How about making your own black sugar from roasted, powdered ants? or keeping a spark alive in a Piute fire bundle during a ten-hour march?

You may wish that some of the photographs were in color, especially in the plant section. Also, the plants talked about are primarily those common to the Rocky Mountain area. But even with these minor deficiencies, Larry’s book is an excellent contribution to a person’s library on the outdoors.

Beauty Is
by Bonnie Marshall
Bookcraft, 196 pp., $3.25

Written by a Latter-day Saint and a former high fashion model and teacher in finishing schools, this book is a good basic guide to help girls from twelve to thirty develop their own beauty and charm. It contains chapters on makeup, fashion, diet, exercises, posture, dating, and the social graces.
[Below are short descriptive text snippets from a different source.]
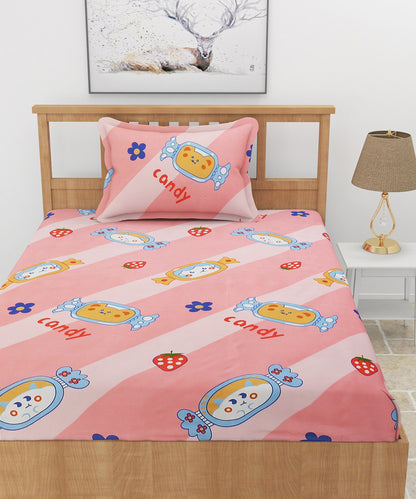 Sweet Candy Dreams Kids Bedsheet  With Pillow Cover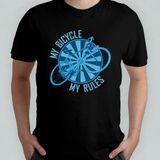 Bisiklet Bicycle Biker Bisikletçi Unisex %100 Pamuklu Bisiklet Yaka T-Shirt Model 3 - Siyah - XL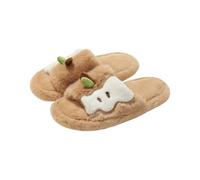 HTYUKFDG Pantoufles mignonnes en forme de fruits pour femme en polaire douce pour l'hiver - Chaudes et tendance - Antidérapantes - Chaussures d'intérieur pour femme, kaki, 37 1/3 EU
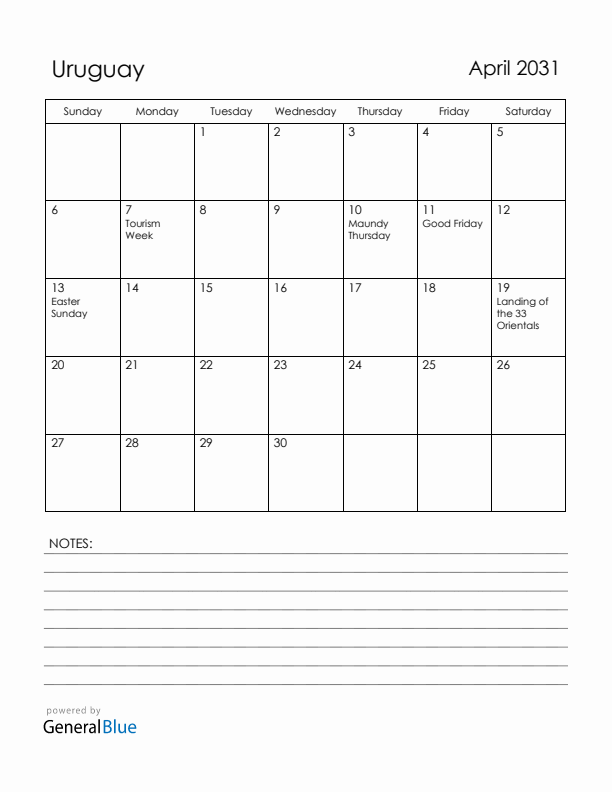 April 2031 Uruguay Calendar with Holidays (Sunday Start)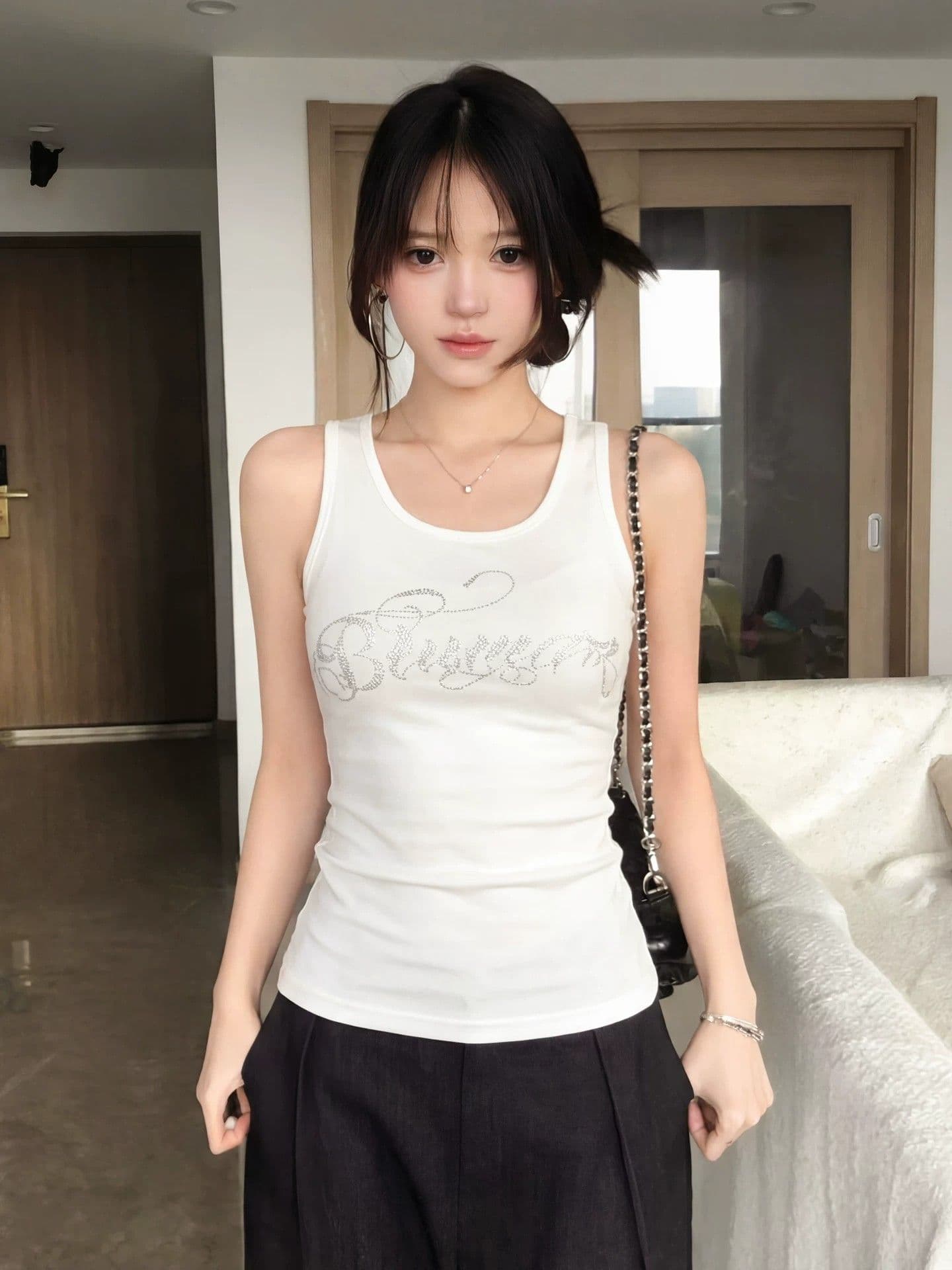 원본 품질 핫픽스 알파벳 민소매 단어 조끼 여성 여름 외출용 인사이드 가져 가라. 상세 이미지 6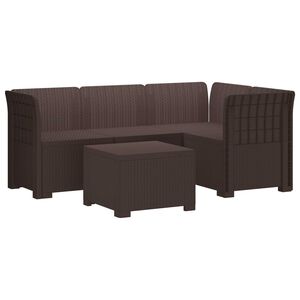vidaXL 4-Sitzer Garten Sofa Rattan Look PP Braun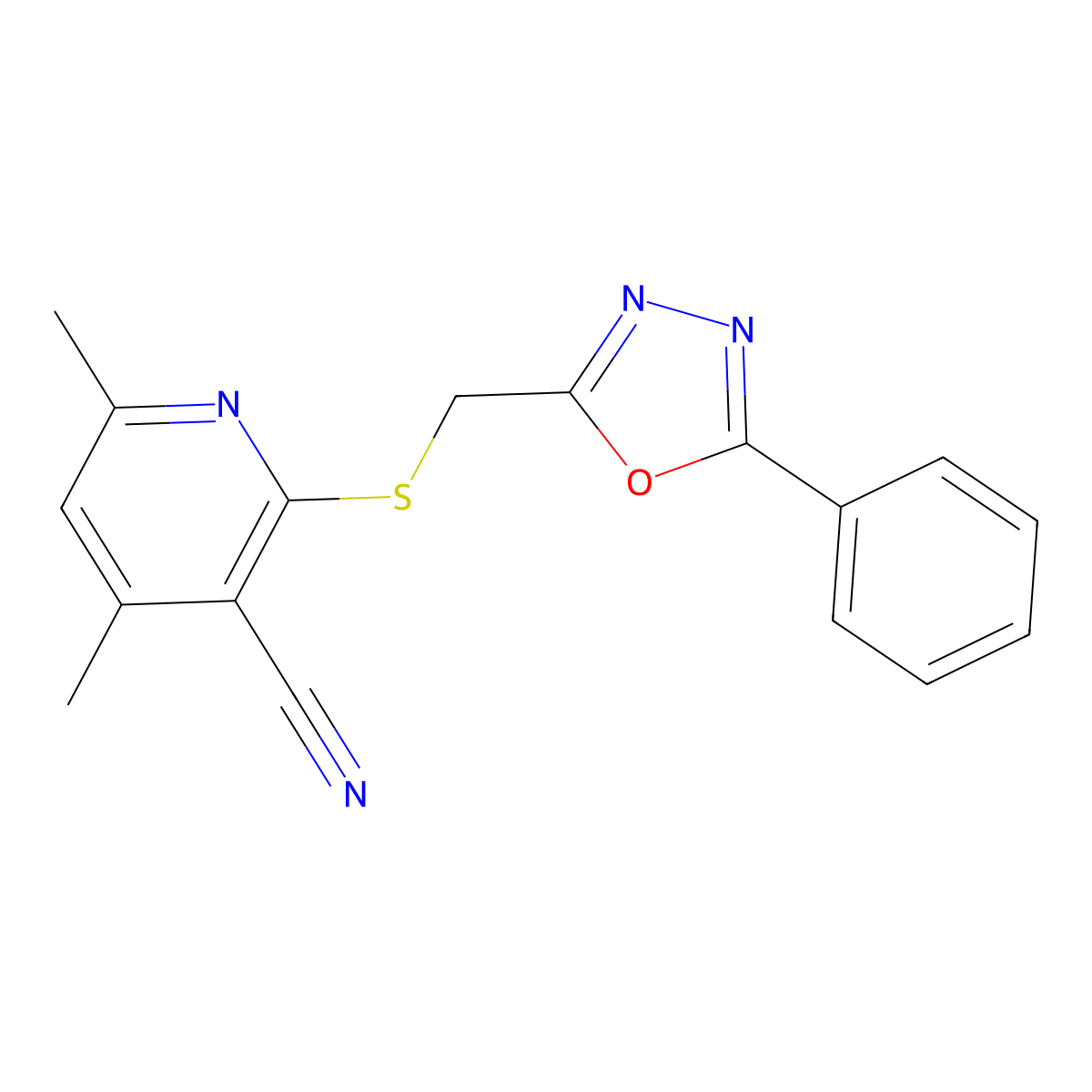 4,6-Dimethyl-2-(5-phenyl-[1,3,4]oxadiazol-2-ylmethylsulfanyl)-nicotinonitrile molecular structure, CAS 332949-78-7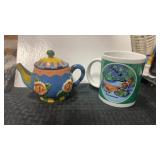 Teapot kitchen timer and Christmas coffee cup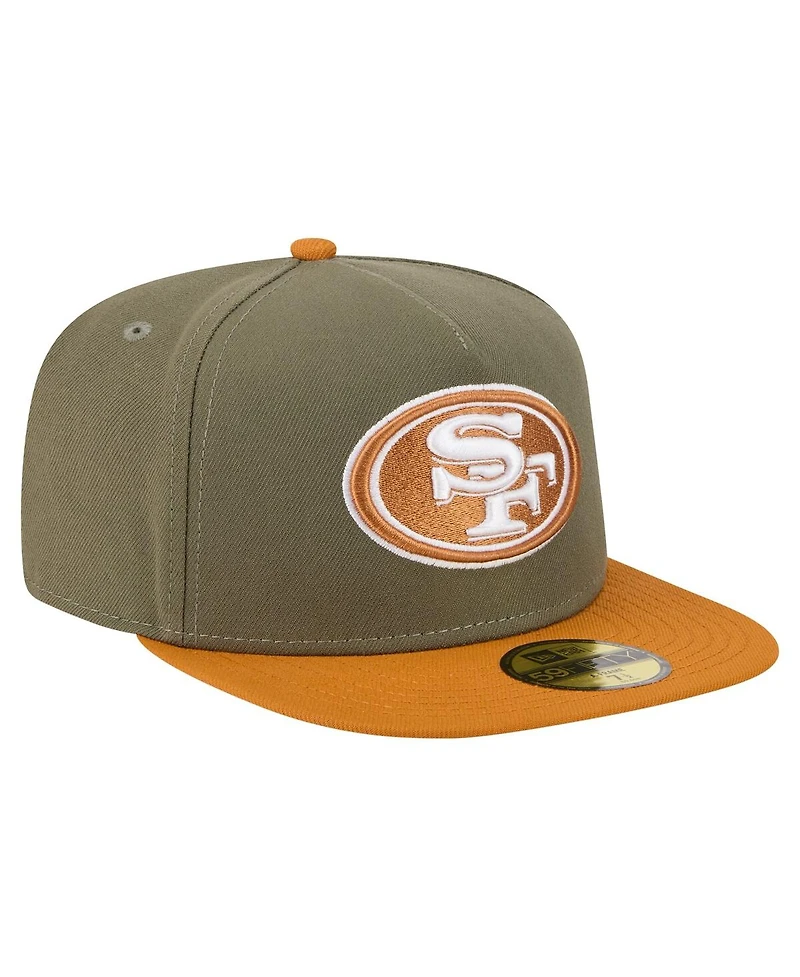 New Era Men's Olive/Brown San Francisco 49ers Color Pack A-Frame 59FIFTY Fitted Hat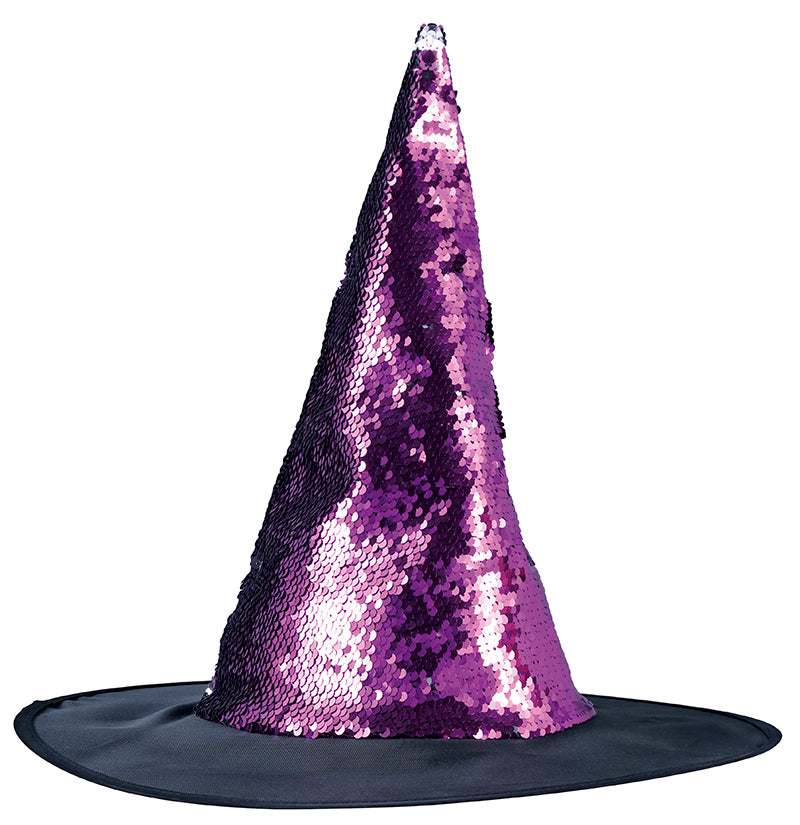GP13059 – Hexe Zauberhut Lila Pailletten Mystisch – Farbe: Lila, Ansicht 2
Specific advice is given throughout not only on how to look attractive, but also on how to be beautiful inside and out—things like:

“If your complexion is ruddy, avoid spicy foods and eat plenty of green vegetables, lean meats, and fruits. Rinse face in cold water for final rinse. Purchase makeup in a slightly beige shade.”

Or, “How to exercise? Always exercise fast to lose in an area. Breathe deeply throughout the exercising time. Oxygen burns fat, and also helps to keep you from getting sore muscles.”

Any girl who reads and follows the advice of this returned missionary, who has starred in several Church motion pictures, will experience self-improvement.